I need advice to write this timeline

Grazie
 
Well, East Asia becomes more open to Europeans. China will have to modernise too, in the face of a Japanese Empire that will no doubt think about conquering its neighbor, along with not-so friendly Europeans...And I don't think THAT much of the Japanese will become Christian. Did that happen when Japan modernised OTL?
 

Thande

Donor
Could go either way.

Due to the instability during the Warring States period, Sumitada and Jesuit leader Alexandro Valignano conceived a plan to pass administrative control over to the Society of Jesus rather than see the Catholic city taken over by a non-Catholic daimyo who was quickly ascending to power in Kyūshū. Thus, for a brief period after 1580, the city of Nagasaki was a Jesuit colony, under their administrative and military control. In 1587, however, Toyotomi Hideyoshi's campaign to unify the country arrived in Kyūshū. Concerned with the large Christian influence in southern Japan, as well as the active and somewhat arrogant role the Jesuits were playing in the Japanese political arena, Hideyoshi ordered the expulsion of all missionaries, and placed the city under his direct control. However, the expulsion order went largely unenforced, and the fact remained that most of Nagasaki's population remained openly practicing Catholics.

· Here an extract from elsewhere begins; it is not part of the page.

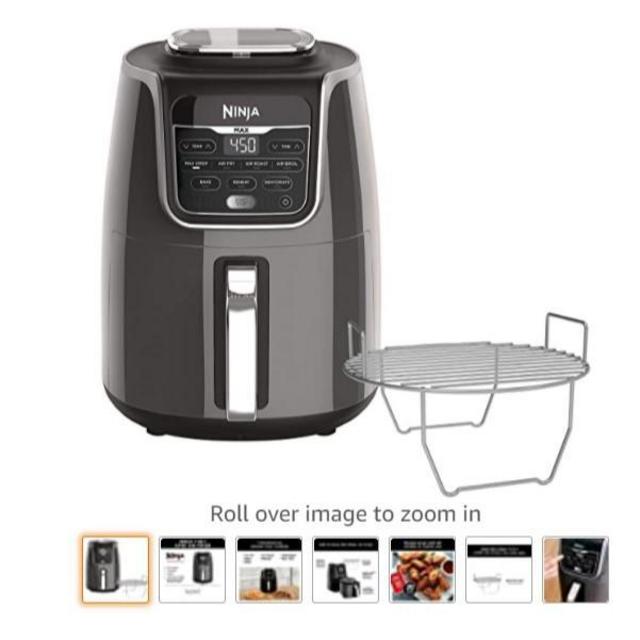 Ninja Max XL Air Fryer that Cooks, Crisps, Roasts, Broils, Bakes, Reheats and Dehydrates, with 5.5 Quart Capacity, and a High Gloss Finish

In 1596, the Spanish ship San Felipe was wrecked off the coast of Shikoku, and Hideyoshi learned from its pilot (so says the Jesuit account) that the Spanish Franciscans were the vanguard of an Iberian invasion of Japan. In response, Hideyoshi ordered the deaths of 26 Catholics in Nagasaki on Feb. 5 of that year. Portuguese traders were not ostracized, however, and so the city continued to thrive.
Megane-bashi (Spectacles Bridge)
Enlarge
Megane-bashi (Spectacles Bridge)

In 1602, Augustinian missionaries also arrived in Japan, and when Tokugawa Ieyasu took power in 1603, Catholicism was still grudgingly tolerated. Many Catholic daimyo had been critical allies at the Battle of Sekigahara, and the Tokugawa position was not strong enough to move against them. Once Osaka Castle had been taken and Toyotomi Hideyoshi's offspring killed, though, the Tokugawa dominance was assured. In addition, the Dutch and English presence allowed trade without religious strings attached. Thus, the hammer fell in 1614, with Catholicism officially banned and all missionaries ordered to leave. Most Catholic daimyo apostatized, and forced their subjects to do so, although a few would not renounce the religion and left the country as well. A brutal campaign of persecution followed, with thousands across Kyūshū and other parts of Japan killed, tortured, or forced to renounce their religion.

Catholicism's last gasp as an open religion, and the last major military action in Japan until the Meiji Restoration, was the Shimabara rebellion of 1637. While there is no evidence that Europeans directly incited the rebellion, Shimabara had been a Christian han for several decades, and the rebels adopted many Portuguese motifs and Christian icons. Consequently, in Tokugawa society the word "Shimabara" solidified the connection between Christianity and disloyalty, constantly used again and again in Tokugawa propaganda.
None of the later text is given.